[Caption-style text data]
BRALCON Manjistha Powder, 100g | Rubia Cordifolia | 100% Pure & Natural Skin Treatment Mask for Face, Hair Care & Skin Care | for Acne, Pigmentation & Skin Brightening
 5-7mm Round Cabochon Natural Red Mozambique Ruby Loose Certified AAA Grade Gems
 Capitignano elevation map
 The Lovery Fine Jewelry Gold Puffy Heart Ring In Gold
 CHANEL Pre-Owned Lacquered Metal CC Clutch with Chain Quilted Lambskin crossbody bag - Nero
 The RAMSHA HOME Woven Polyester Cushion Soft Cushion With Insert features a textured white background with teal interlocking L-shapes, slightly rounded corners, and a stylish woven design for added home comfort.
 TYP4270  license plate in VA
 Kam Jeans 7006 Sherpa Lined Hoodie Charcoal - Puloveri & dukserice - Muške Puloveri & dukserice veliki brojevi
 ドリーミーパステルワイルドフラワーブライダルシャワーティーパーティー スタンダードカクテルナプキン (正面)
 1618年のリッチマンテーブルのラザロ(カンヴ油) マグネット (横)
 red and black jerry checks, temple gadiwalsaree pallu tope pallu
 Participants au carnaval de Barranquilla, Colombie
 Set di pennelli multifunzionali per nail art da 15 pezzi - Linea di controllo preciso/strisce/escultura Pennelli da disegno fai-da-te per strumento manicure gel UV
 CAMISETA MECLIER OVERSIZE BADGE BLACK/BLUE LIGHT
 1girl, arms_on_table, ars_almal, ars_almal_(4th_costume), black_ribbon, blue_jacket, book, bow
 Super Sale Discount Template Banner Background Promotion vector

[AIM OF THE TASK]
Would you print all of the entries exactly as they stand?

[OUTPUT BELOW]
BRALCON Manjistha Powder, 100g | Rubia Cordifolia | 100% Pure & Natural Skin Treatment Mask for Face, Hair Care & Skin Care | for Acne, Pigmentation & Skin Brightening
 5-7mm Round Cabochon Natural Red Mozambique Ruby Loose Certified AAA Grade Gems
 Capitignano elevation map
 The Lovery Fine Jewelry Gold Puffy Heart Ring In Gold
 CHANEL Pre-Owned Lacquered Metal CC Clutch with Chain Quilted Lambskin crossbody bag - Nero
 The RAMSHA HOME Woven Polyester Cushion Soft Cushion With Insert features a textured white background with teal interlocking L-shapes, slightly rounded corners, and a stylish woven design for added home comfort.
 TYP4270  license plate in VA
 Kam Jeans 7006 Sherpa Lined Hoodie Charcoal - Puloveri & dukserice - Muške Puloveri & dukserice veliki brojevi
 ドリーミーパステルワイルドフラワーブライダルシャワーティーパーティー スタンダードカクテルナプキン (正面)
 1618年のリッチマンテーブルのラザロ(カンヴ油) マグネット (横)
 red and black jerry checks, temple gadiwalsaree pallu tope pallu
 Participants au carnaval de Barranquilla, Colombie
 Set di pennelli multifunzionali per nail art da 15 pezzi - Linea di controllo preciso/strisce/escultura Pennelli da disegno fai-da-te per strumento manicure gel UV
 CAMISETA MECLIER OVERSIZE BADGE BLACK/BLUE LIGHT
 1girl, arms_on_table, ars_almal, ars_almal_(4th_costume), black_ribbon, blue_jacket, book, bow
 Super Sale Discount Template Banner Background Promotion vector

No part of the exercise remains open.